Carl Erskine visits an exhibition celebrating his teammate

When he first met Jackie Robinson, Carl Erskine was a 20-year-old minor leaguer pitching for the Brooklyn Dodgers' farm team in Fort Worth. "The Dodgers came through to play us just before Jack's sophomore season began, when he was still battling to be accepted," says Erskine. "I pitched three strong innings and afterward Jack took me aside and said, 'Young man, you aren't going to be in this league very long. You'll be with us by midseason.' I was. I joined the Dodgers in Pittsburgh and didn't know anybody. I walked into the clubhouse and set my bag down. The first man to talk to me was Jack Robinson. He said: 'I told you, young man, that you'd be here. Welcome.' From that moment, we had a special friendship."

Erskine is recalling all this while standing in the lobby of the New-York Historical Society. He has flown to Manhattan from his native Anderson, Ind., to see "Jackie Robinson: An American Journey," a multimedia exhibition celebrating baseball's first black major leaguer. The exhibit will tour the country during 1988, going to Los Angeles, Washington, D.C., Atlanta and Chicago. Erskine is now a bank president in Anderson, and something of a gentleman vegetable farmer. Three decades ago he struck out 14 Yankees in a World Series game—then a record—but because he had a chronically sore right arm, he generally tried to get batters to put the ball in play quickly. In 12 major league seasons, all with the Dodgers, Erskine won 122 games, including two no-hitters, one of them coming in 1956 against the Dodgers' bitterest rivals, the New York Giants. When a muscle tear in his pitching arm forced him to retire at age 32, Erskine moved his family back to Anderson, figuring it was a better place to raise his infant son, Jimmy, who was born with Down's syndrome.
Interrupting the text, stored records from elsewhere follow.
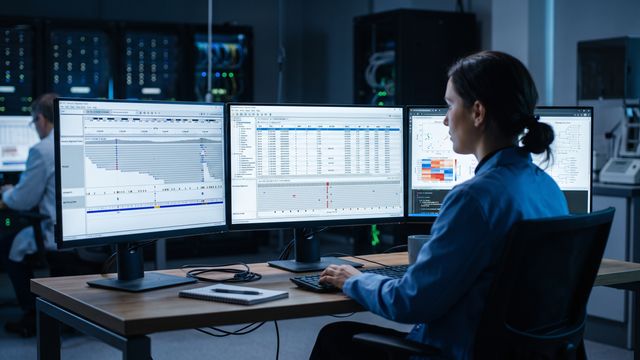 AI-generated image of a bioinformatics laboratory with a researcher analyzing variant call data on multiple large monitors. 
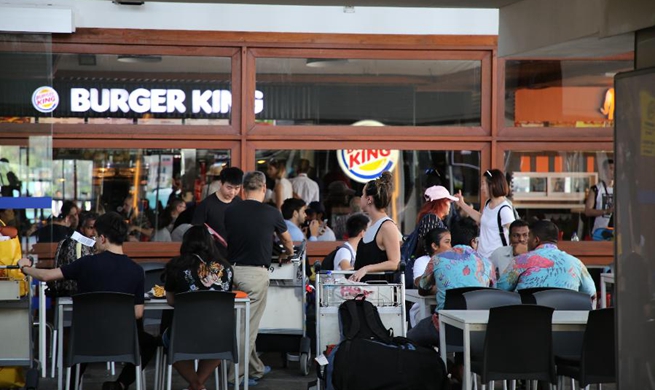 Tourists take rest at airport during state of emergency in Male, Maldives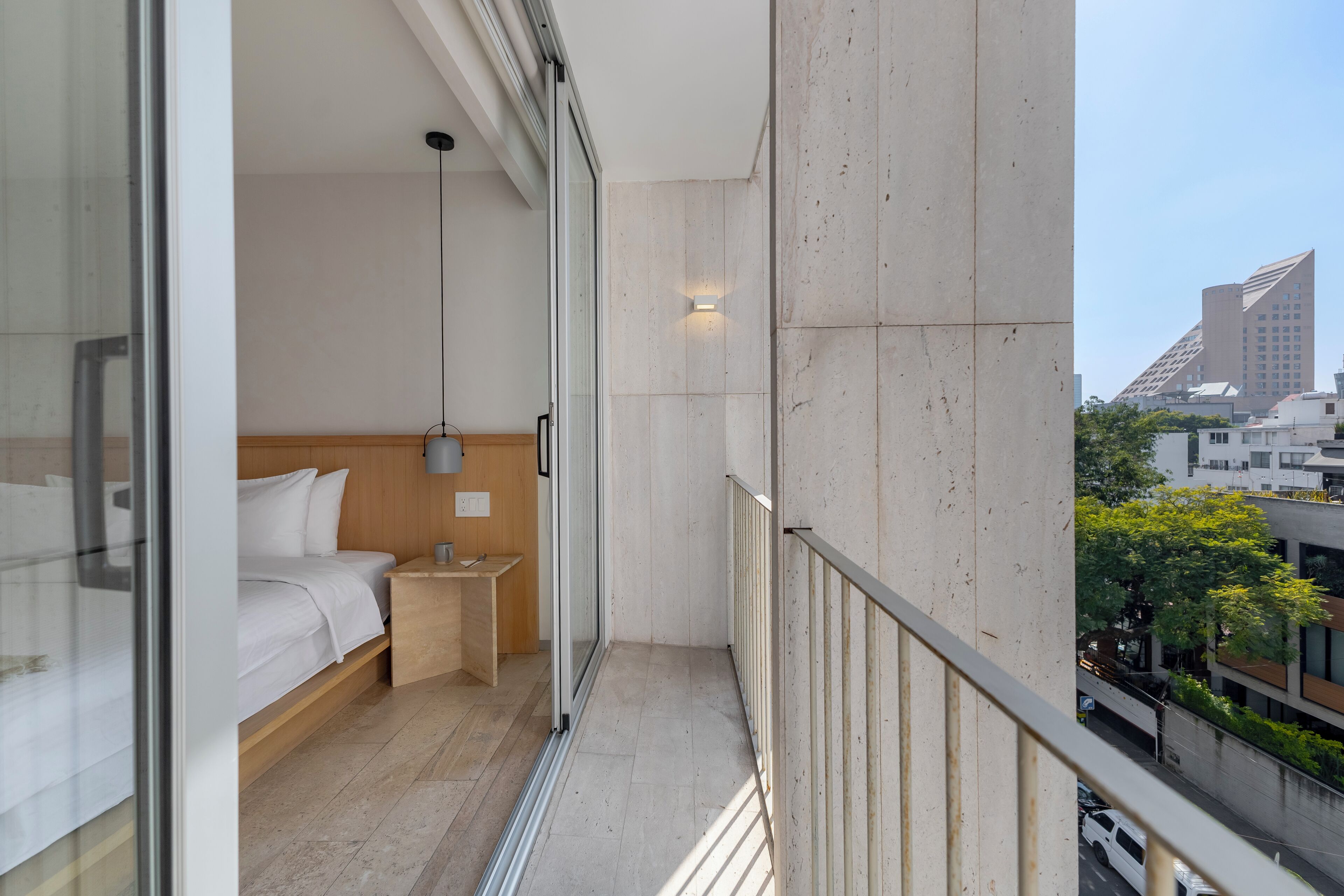 A balcony with a bed, a nightstand, and a view of the cityscape.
Erskine maintains his own sense of perspective, a combination of smalltown values and big-city sophistication. He is the sort of man who visits Dylan Thomas's grave at Westminster Abbey to reflect upon the poet's lines about the "boys of summer," and at the same time the sort of man who savors the notion that many of Anderson's residents greeting him on Main Street hold his days as a playmaking guard for the local basketball team in more esteem than his years in the majors.

Erskine moves slowly through the Robinson exhibition. To his left is a large blown-up photograph of Robinson in a dugout with children leaning over, clamoring for his autograph. "There were always crowds of children pressed against the fence outside the clubhouse in Brooklyn," Erskine says. "After one game, I walked outside and saw Jack's wife, Rachel, and son Jackie Jr. waiting for him. So I went over to say hello. Later, Jack thanked me and told me how much it meant to him that I spoke to his family in front of all those kids. To me it was as natural as taking a breath."

Next Erskine comes to a collage of photographs of people who had an impact on Robinson's life, including Branch Rickey, who broke the color line by signing him to a Dodger contract, and Dr. Martin Luther King Jr. Says Erskine, "When you're a part of history, you're too close to it and you don't see it. I was aware of the flow—Robinson, [Roy] Campanella, [Don] Newcombe—these guys were great ballplayers. Sports at the major league level provides one of the purest settings there is. You have to produce. Nobody can help you unfairly. Favoritism does you no good. Baseball integration sped up the whole integration process because it provided direct proof that blacks were qualified."

Erskine turns to a section of the exhibition devoted to Robinson's life before baseball. There are family photographs taken in Cairo, Ga., where Robinson was born. A portrait of his mother hangs beside a photo of an empty wagon trundling down a country road. Clearly, Erskine is moved. "This fills in some things for me," he says finally. "I remember him talking about his mother and her encouragement of him in a spiritual way. When Mr. Rickey screened his 50 finalists, you'd have to wonder why he ever picked Jack to be the first, what with his militant nature and hot-blooded personality. Now it fits. Mr. Rickey must have known about his early Christian training. That's why during Jack's interview he read him the parable about Christ turning the other cheek. Jack did just that for the first two years, no retaliation. That was when some people used to swing a tag into him with the ball in their fist instead of sweeping him with their glove. His faith helped him through it."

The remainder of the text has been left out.